As a nine months pregnant woman, I could have cared less about how sharp our knives were. It was quite possibly the very last thing on my list of priorities. But for my mother-in-law and sister-in-law, who are certifiable chefs and made numerous meals for us during that time, the knives were more of a concern. The knives were indeed dull and, as a result, made meal preparation a hassle. As you probably know, dull knives take longer to use, require more force, and can actually be more dangerous.
That was almost 3 months ago. I had actually forgotten about the whole “knife situation” until last week when the sermon message covered Proverbs 27:17, which reads,
“As iron sharpens iron,
so one person sharpens another.”
We had a guest preacher that Sunday morning, Shauna Niequist, and she focused on the sharpening elements of force and heat, both of which are necessary for shaping iron. Although her perspective shed insight onto this oft cited verse, I found myself still wondering about the proverb long after I went home. So, I dug a little deeper.
I don’t know a lot about blacksmithing, but after doing a little research I learned that iron is not typically used to sharpen iron.

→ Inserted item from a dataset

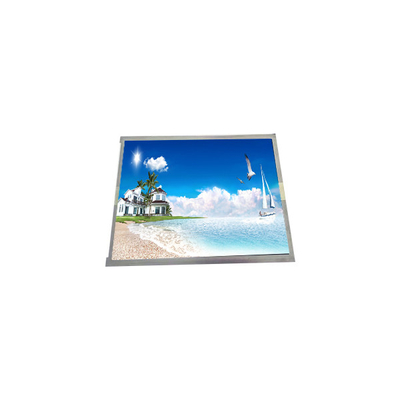 1024*768 LQ150X1LH60 15.0 inci 262K LCD Display Panel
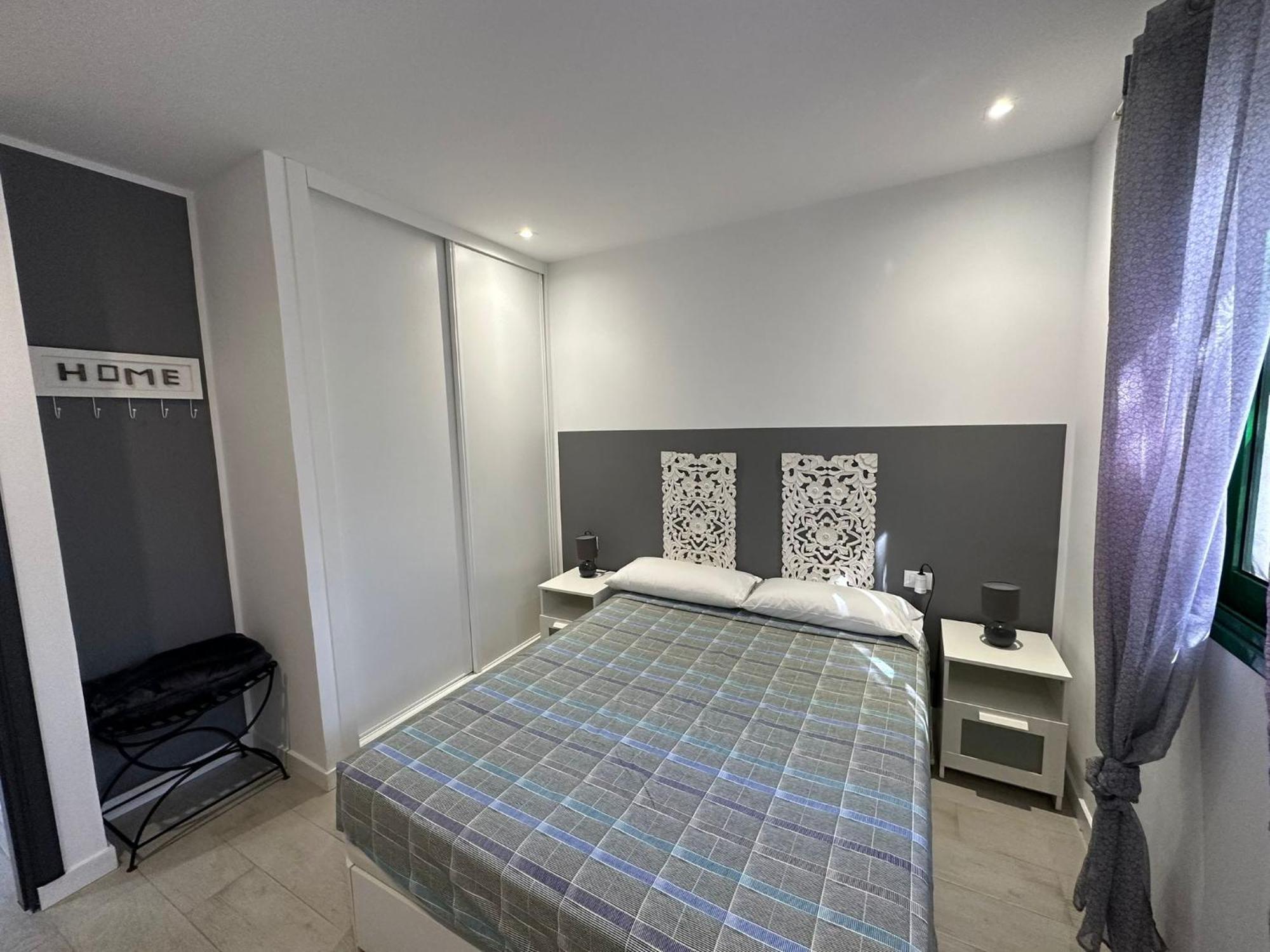 Home2book Charming La Casita, Pool Corralejo Exterior foto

Most commonly, blades are sharpened with a whetstone. The rough texture of the stone provides the necessary resistance to sharpen the blade.
Although few knife sets come with a whetstone, many are accompanied by a steel “sharpening rod.” Is that what Proverbs 27:17 is referring to? Not quite. As I eventually learned, sharpening rods don’t actually sharpen the knife blade. They simply reshape it. Over time, a knife will need to be sharpened using another means.
At first, this information threw me off. If whetstones are used to sharpen blades, not iron, what does this verse mean? Does iron sharpen iron?
I began looking into blacksmith tools during the Iron Age, which is approximately when this verse was written, and I discovered one iron tool that was used to shape and sharpen a blade: a steel file.
Whenever I used to read Proverbs 27:17 I had never imagined a metal file. Instead I pictured two blades sheering across one another to produce ever increasing sharpness. To be more precise, I pictured one of those Japanese steakhouse chefs clanging his knives before cutting a shrimp tail in mid air.
In reality, two blades cannot sharpen one another. At least, not very well. The only way to sharpen an iron blade is to use a tool with a different edge or texture, and that is an important point. Although Christians often emphasize the “like iron” part of this verse–meaning two similarly strong Christians–this verse does not promote uniformity. If a blade is sharpened by resistance, then a similarly smooth blade has little to offer. The iron that sharpens iron must be an entirely different tool.
Knowing this, Proverbs 27:17 encourages me to surround myself with strong Christians who can sharpen me, as well as those who are different enough to shape me by means of friction. That is to say, I need friends whose wisdom, whose willingness to say difficult things, or whose different perspectives will provide the grit with which God can sand my dull edges.
This means having friends who are different from me. It also means exposing myself to a wide variety of voices in the church. And let me emphasize this last point especially. Evangelicalism is so divided right now. Everyone has their camp or “tribe,” and they tend to read their camp’s authors and bloggers somewhat exclusively. The Reformed read the Reformed, the Egalitarians read the Egalitarians, and so on. As a result, there are a lot of blogs out there that are preaching to their own choirs, but not always a lot of sharpening going on.
All of that to say, if I desire to be sharpened the way Proverbs 27:17 instructs, I need more than strong Christian friends. I need friends who are different from me, and friends who will challenge me. I need a friend, a mentor, or a leader who is as strong as steel in her faith, but whose shape is different enough to provide some sanctifying resistance in my life.